Aos sete anos, iniciou seus estudos, mas abandonou a escola após uma semana, justificando para sua mãe que já havia aprendido o suficiente. Essa decisão, segundo ela, foi uma estratégia para ajudar sua mãe, Laurentina Barbosa, na sustentação de ambas, trabalhando na coleta de babaçu, que ela mesma transformava em materiais e construções no campo.
Após anos dedicados à quebra do coco, as mudanças no uso da terra na região afetaram sua subsistência, levando Dona Maria a buscar novas alternativas. Com isso, ela passou a trabalhar na plantação de arroz em uma fazenda perto de sua comunidade, por meio de contratos de arrendamento, onde recebia uma parte da produção, enquanto o fazendeiro ficava com a maior parte.
Essa fase foi marcada por dificuldades, mas ela não desistiu.
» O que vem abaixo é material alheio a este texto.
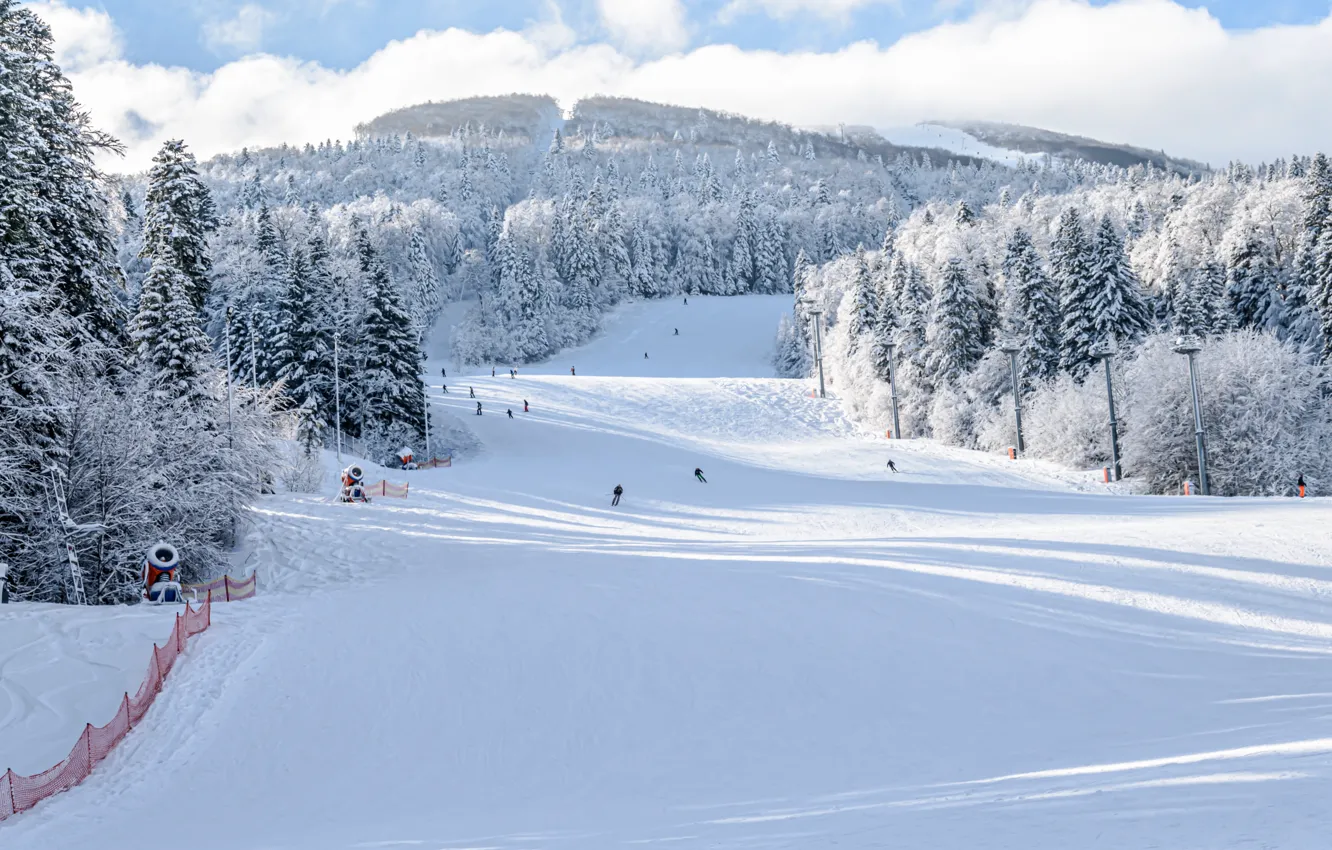 Photo wallpaper winter, snow, trees, landscape, mountains, tree, forest, landscape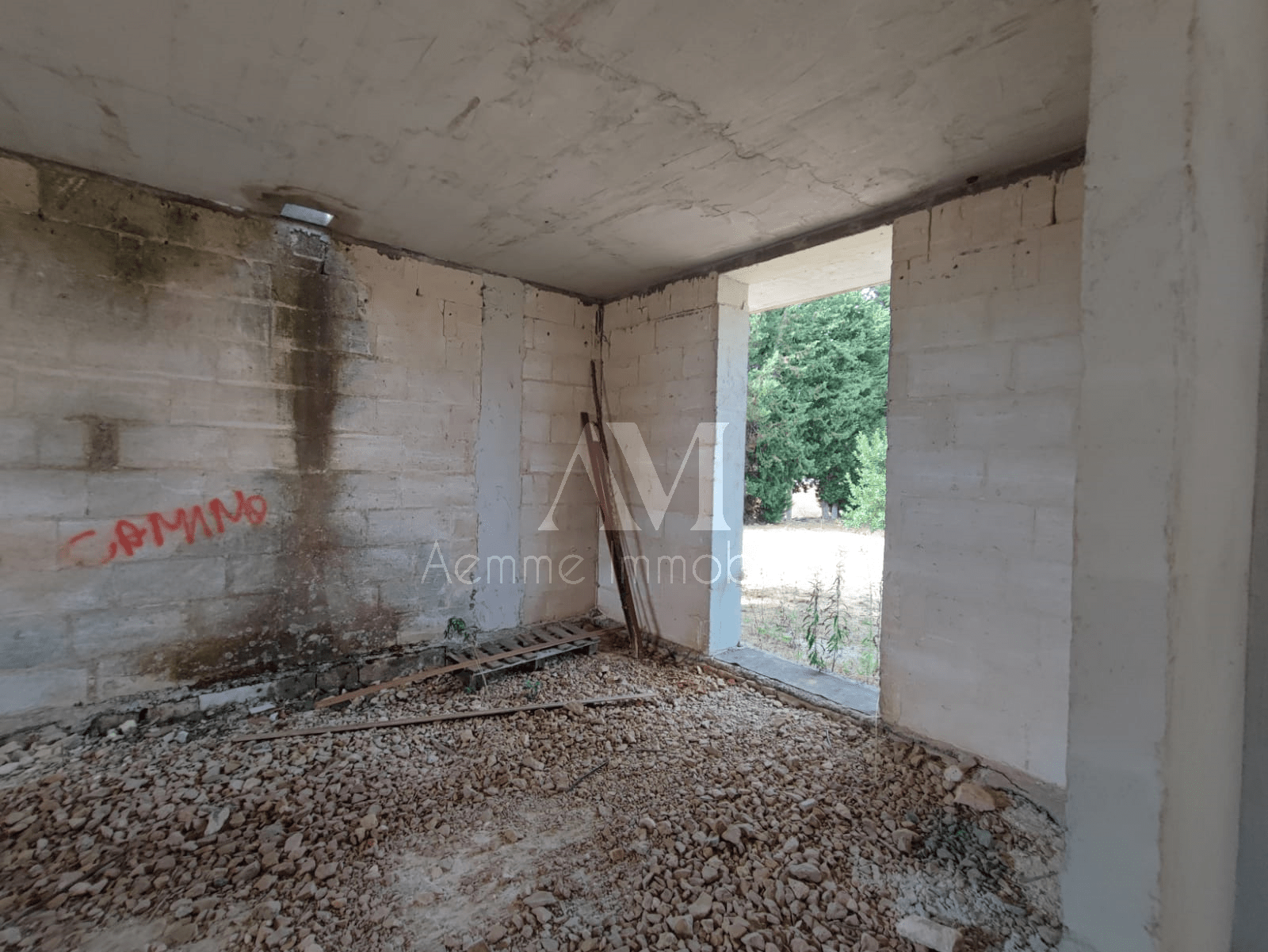 TSR Watermark – 736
Em busca de melhores oportunidades, mudou-se para Brasília. A perda de sua companheira, que ela considerava seu mundo, foi um dos momentos mais dolorosos de sua vida. Após três décadas na capital federal, atuando como empregada doméstica, Dona Maria enfrentou o luto e a saudade, sentimentos que ela classifica como os maiores sofrimentos que viveu.
A sua jornada teve apoio fundamental de familiares e professores. Na infância, sua mãe foi sua maior incentivadora, e no momento de retomar os estudos, uma professora em Goiânia a motivou a ingressar na Educação de Jovens e Adultos (EJA). Em 2018, ao retornar às aulas, Dona Maria conheceu Iara Rodrigues da Silva, uma estudante que, ao ver sua história, decidiu ajudá-la na orientação do TCC.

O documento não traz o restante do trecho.